>>
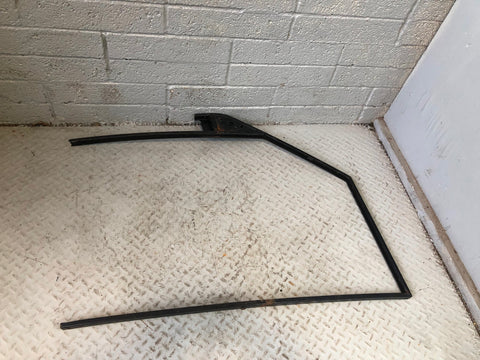 Discovery 2 Door Frame Window Near Side Front Land Rover 1998 to 2004 R18125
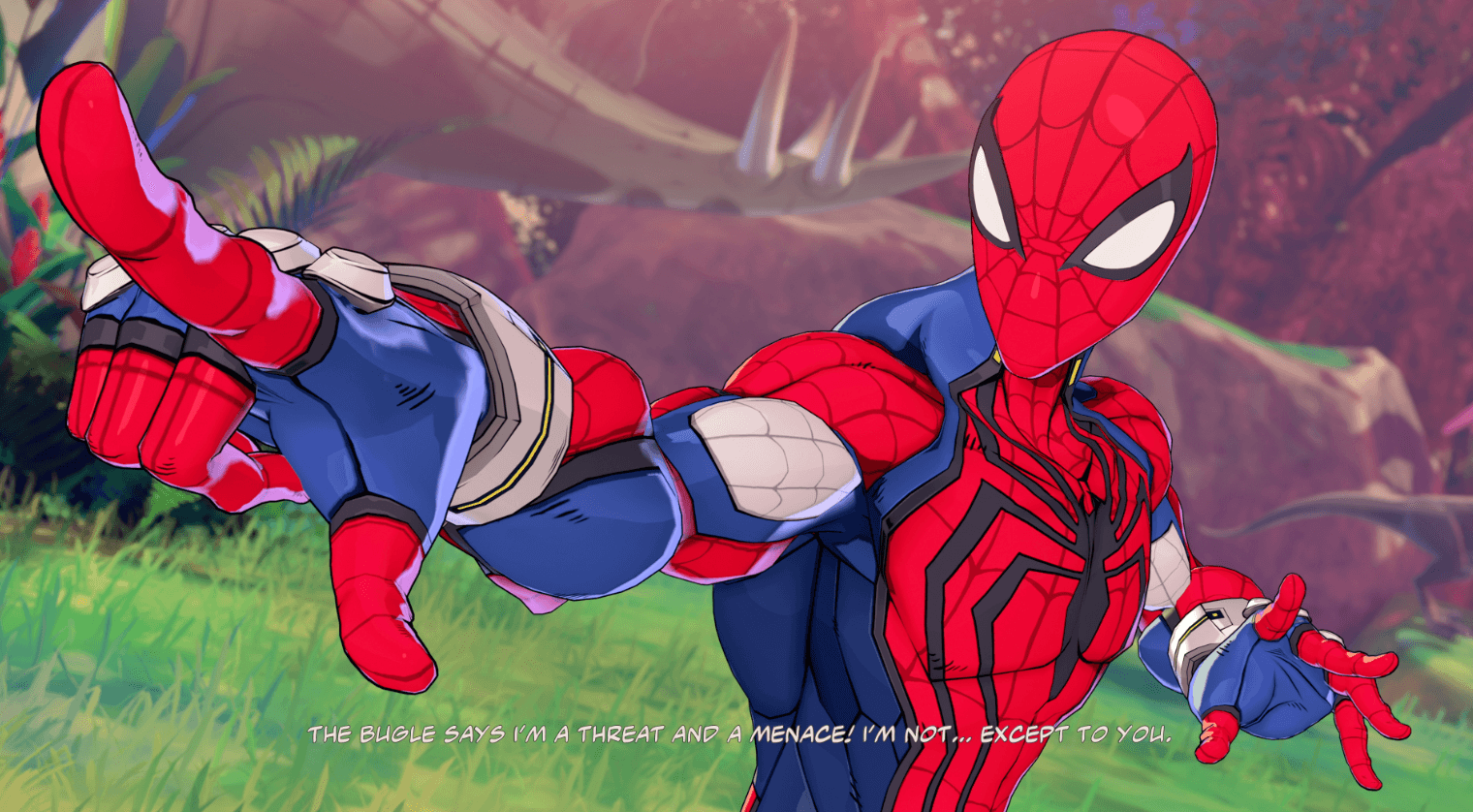 MARVEL Tōkon Fighting Souls Exclusive Info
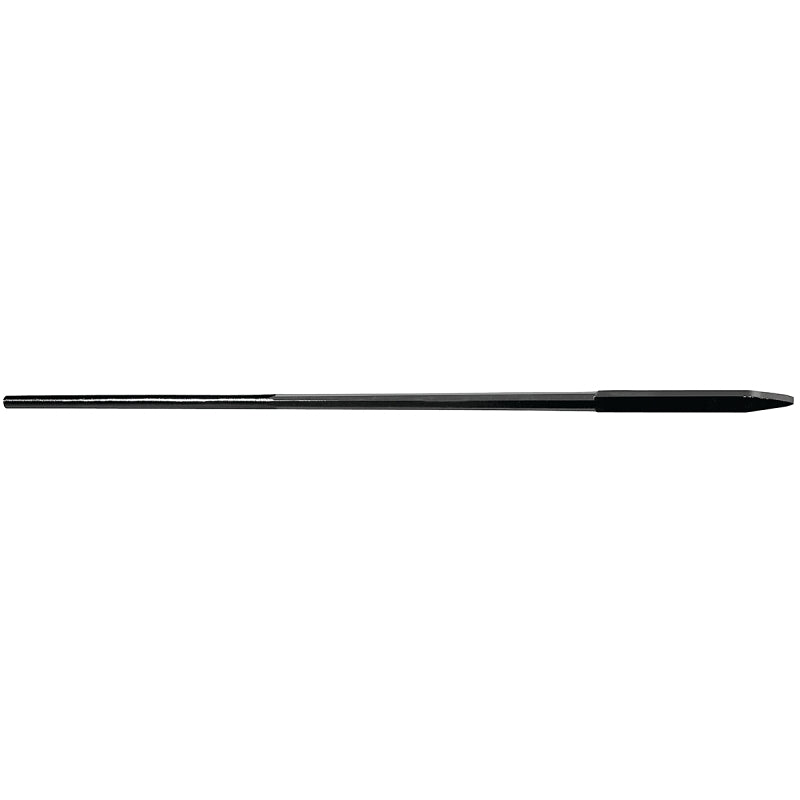 Vulcan Wedge Point Bar, Steel, 18 lbs, 60 in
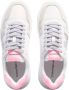 Calvin Klein Sneakers Chunky Cupsole Laceup Lth Mix in wit - Thumbnail 2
<<
What the answer needs is every line from the one with "MARVEL Tōkon Fighting Souls Exclusive Info" through the last line of the data, reproduced word for word and with pictures omitted.

 MARVEL Tōkon Fighting Souls Exclusive Info
 Vulcan Wedge Point Bar, Steel, 18 lbs, 60 in
 Calvin Klein Sneakers Chunky Cupsole Laceup Lth Mix in wit - Thumbnail 2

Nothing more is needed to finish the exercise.